KULIAHALISLAM.COM – Islam seperti agama-agama yang lainnya memiliki dua dimensi yang tidak dapat dipisahkan, yaitu dimensi esoterik dan eksoterik.
Pada dimensi esoteriknya, agama melampaui ruang dan waktu, melampaui rasionalitas, bersifat transenden dan mutlak. Sementara dalam dimensi eksoteriknya, agama berwujud dalam bentuk yang terstruktur, ada dalam ruang dan waktu, rasionalitas, terbatas dan relatif.
Relativitas bentuk agama (eksoterisme), membuka peluang untuk dilakukan pengkajian secara kritis, mendalam, dan rasional, sehingga nilai-nilai kebenaran yang dikandungnya dapat tersingkap dari tabir keterbatasan dan relativitasnya, serta dapat berfungsi sebagai sumber kemaslahatan dalam kehidupan manusia pada jagat raya ini.
Begitupun juga dalam konteks ruang publik, Islam tidak bisa dilepaskan dari kesejarahannya yang dinamis dan kompleks.

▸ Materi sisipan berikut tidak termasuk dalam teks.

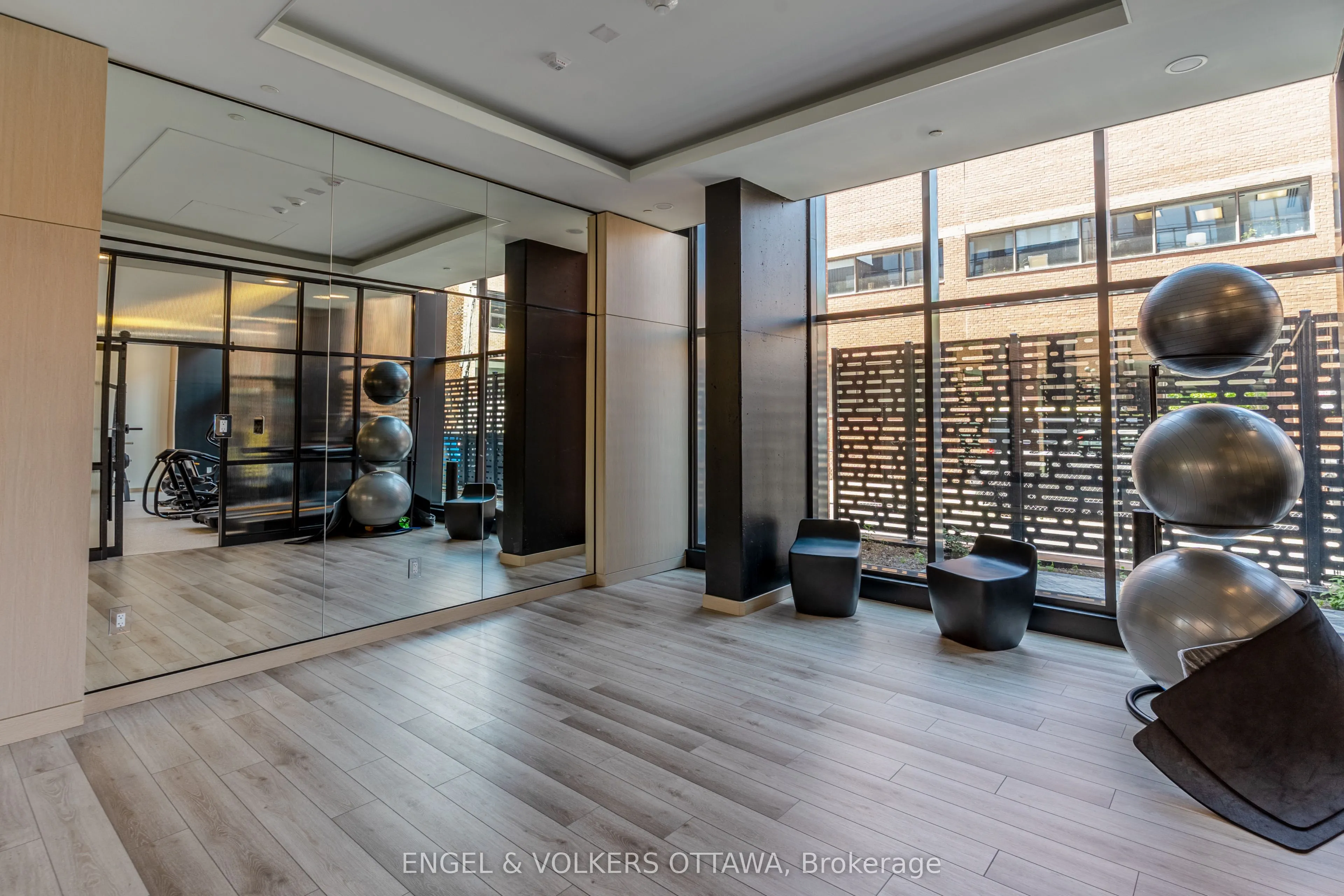 10 James Street, #201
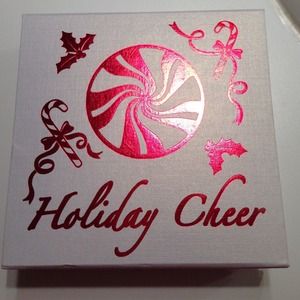 Holiday cheer bracelet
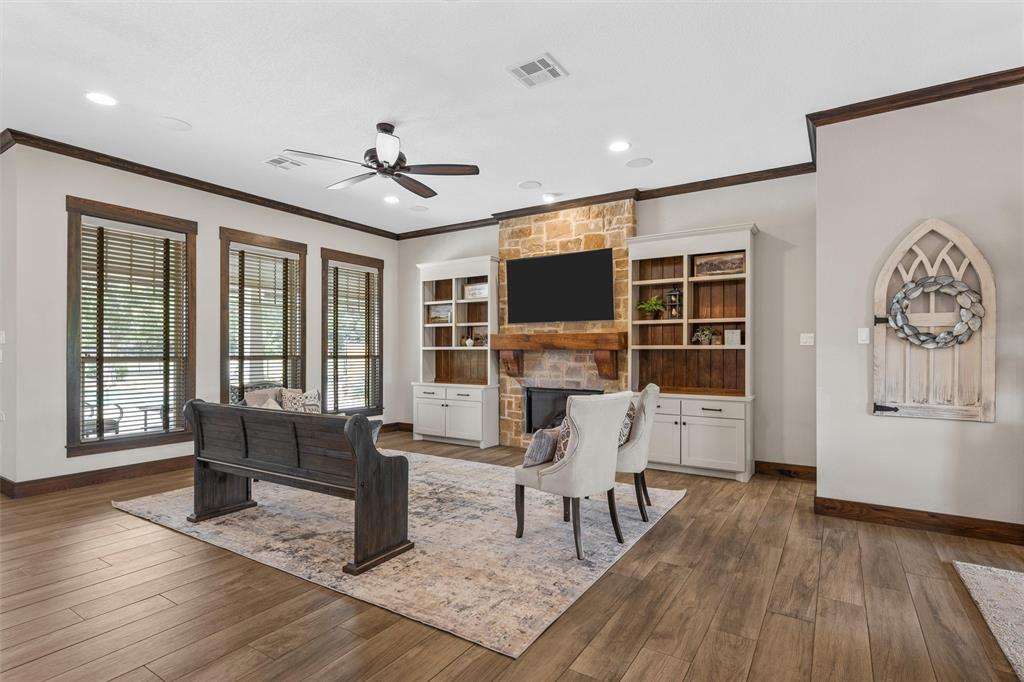 918 Coxs Oak Valley Road Waco, TX 76705 - Photo 5 of 40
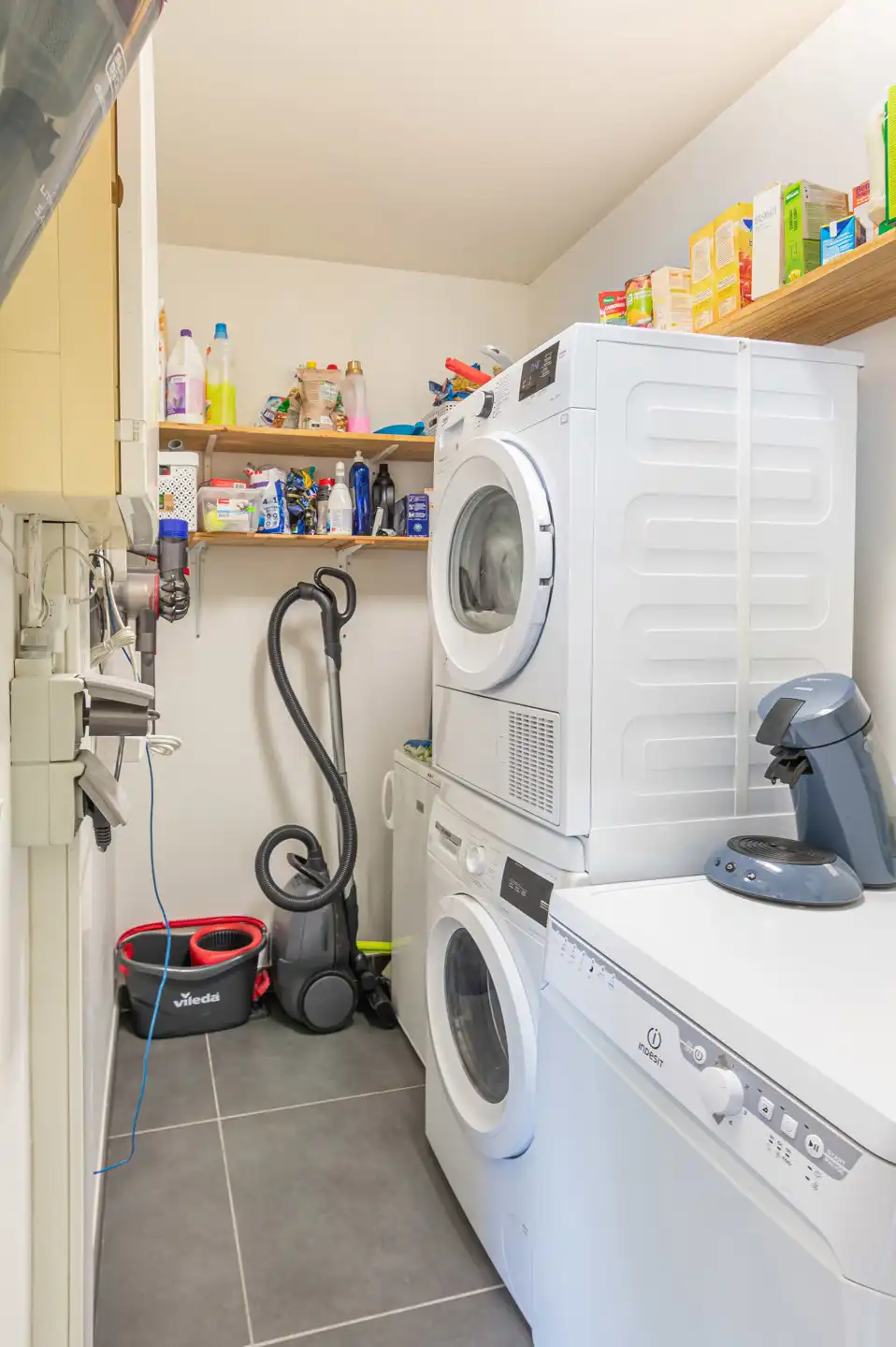 Ruim instapklaar 3 slaapkamer appartement met groot terras foto 15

Sehingga, pembacaan terhadap Islam tidak cukup hanya dengan satu pendekatan, apalagi hanya dengan pendekatan normatif, melainkan harus dilakukan dengan pendekatan dan perspektif jamak.
Dari sudut waktu, Islam berproses dalam dua bentang waktu yang berbeda tetapi tidak dapat dipisahkan, yaitu pada masa proses tasyri’ (pada masa Nabi) dan pasca proses tasyri’ (sejak masa sahabat sampai sekarang).
Islam, sebagai agama yang menjadi problem solver dalam kehidupan manusia pada dua bentang waktu tersebut, sudah tentu menghadapi berbagai masalah yang berbeda.
Itu artinya, ketika Islam berkembang semakin luas dan bersentuhan dengan keragaman budaya, maka problem yang dihadapi tentu semakin kompleks bila dibandingkan dengan problem yang dihadapi pada masa-masa tasyri’.
Karena itu, studi Islam tidaklah cukup hanya dengan dilakukan dengan analisis teks, melainkan harus juga dikaitkan dengan konteks yang melatarinya, baik konteks yang melatari pada saat teks diturunkan, maupun konteks yang melatari pada saat teks akan diterapkan dalam waktu dan ruang yang berbeda.
Tentu saja, problem epistemologis studi Islam yang dalam perkembangan awal bertumpu pada idealisme dengan menjadikan teks-teks suci sebagai satu-satunya sumber kebenaran.
Pada perkembangan berikutnya, bergerak menuju empirisme dengan memandang bahwa Islam tidak bisa dilihat hanya dari teks-teks sucinya, karena Islam telah menjadi budaya dalam perilaku penganutnya.
Maka dari itu, studi Islam pada masa modern berkembang ke dalam berbagai pendekatan ilmu pengetahuan, seperti antropologi, sosiologi, sejarah dan lainnya. Pada era kontemporer ini, dengan meminjam istilah kunt, muncul paradigma baru dalam studi Islam baik di Barat maupun di Timur (dunia Islam sendiri).
Diharapkan dengan berbagai pendekatan dan dari berbagai perspektif, wacana keislaman kontemporer tidak lagi hanya berkutat pada masalah ketuhanan dan berbagai problem telogis, masalah halal-haram dalam sistem hukum formalnya, masalah qath’i dan dzanni dalam teks sucinya, masalah mutawatir dan ahad dalam sunnah Nabinya, dan masalah politik kekuasaan yang hanya memperparah konflik internal umat Islam.
Wacana keIslaman kontemporer, dengan kerangka berpikir holistik melalui berbagai pendekatan dan berbagai perspektif, diharapkan mampu menyuguhkan suatu konsep kehidupan yang berbasis nilai-nilai humanitas, cinta dan kasih sayang, toleransi, keadilan, persamaan, kesetaraan, persaudaraan, demokrasi, HAM, kemaslahatan umum, pelestarian lingkungan hidup dan isu-isu kontemporer lainnya dalam kehidupan masyarakat global yang plural dan multikuktural. Wallahu a’lam bisshawaab.